Through law and gospel Luther is able to comprehend Paul’s theology and detect God’s work in the lives of his parishioners through the example set forth in the Galatians Epistle. God comes down to us and uses the law to show humans that they are sinful, causing despair.
When a man’s sin has been disclosed by the law that the law shines into his heart, he finds nothing more odious and intolerable than the law.”(Luther’s Works vol. 26 p.320)
After being convicted by the law, a person is comforted by the mediator Jesus Christ.
That mediator is Jesus Christ. He does not change the sound of the law, as Moses did; nor does he cover it with a veil or lead me away from view of the law. But he sets himself against the wrath of the law and abolishes it; in his own body and by himself he satisfies the law. Afterwards he says to me through the gospel: “Of course, the law is horrible and wrathful. Do not be afraid , however, or run away; but stand fast. I take your place and make satisfaction to the law for you.” (Luther’s Works vol. 26 p.325)
For example, the Galatians were being told that they must become circumcised to be Christians. This is the law in action. But St.

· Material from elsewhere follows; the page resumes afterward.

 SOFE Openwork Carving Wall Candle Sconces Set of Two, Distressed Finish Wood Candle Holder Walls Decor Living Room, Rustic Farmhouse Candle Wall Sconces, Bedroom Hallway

Paul delivers the promise of the gospel reminding them that righteousness is passive, not active there, by abolishing their obligation to the law.
Of the two commentaries discussed, I would choose Luther’s view to adopt into my own personal theology. Luther puts the obligation of salvation on God not humans; where as St. Augustine puts the burden on the human to nurse and purify the soul as it travels back to God. Being a human I would rather have the omnipotent being God in charge instead of a depraved, fallen being such as myself. Luther’s theology also unyokes a person from the law in a sense that it gives relief from the pressures of society. For instance, according to Luther, the gospel is there to give serenity and comfort to a soul. In contrast, St. Augustine’s commentary views the gospel as a guide on a tiresome journey.
I believe the freedom that is given through Christ is a better understood by Luther and is a better model for pastors to use with their parishioners. It sets them free from the standards of society, the law, and allows them to enjoy the things God has given us, as opposed to Augustine’s view of everything of the world being evil and should be shunned. Augustine’s view stresses a person out, as they are constantly worrying abou t being too worldly. Luther gives God’s grace and freedom to enjoy life and do what makes you happy as long as it doesn’t conflict with Christ’s new commandment of love God and neighbor.





















Bibliography:

Augustine, St. Augustine’s Commentary on Galatians Oxford Early Christian Studies
Translated by Eric Plumer

Luther, Martin Luther’s Works Vol. 26&27 Concordia Publishing House
Translated by Jaroslaw Pelkian

Augustine, St. Confessions Penguin Classics
Translated by R.S. Pine-Coffin

Christian, James L. The Wisdom Seekers Vol. 1 Thompson Learning Inc.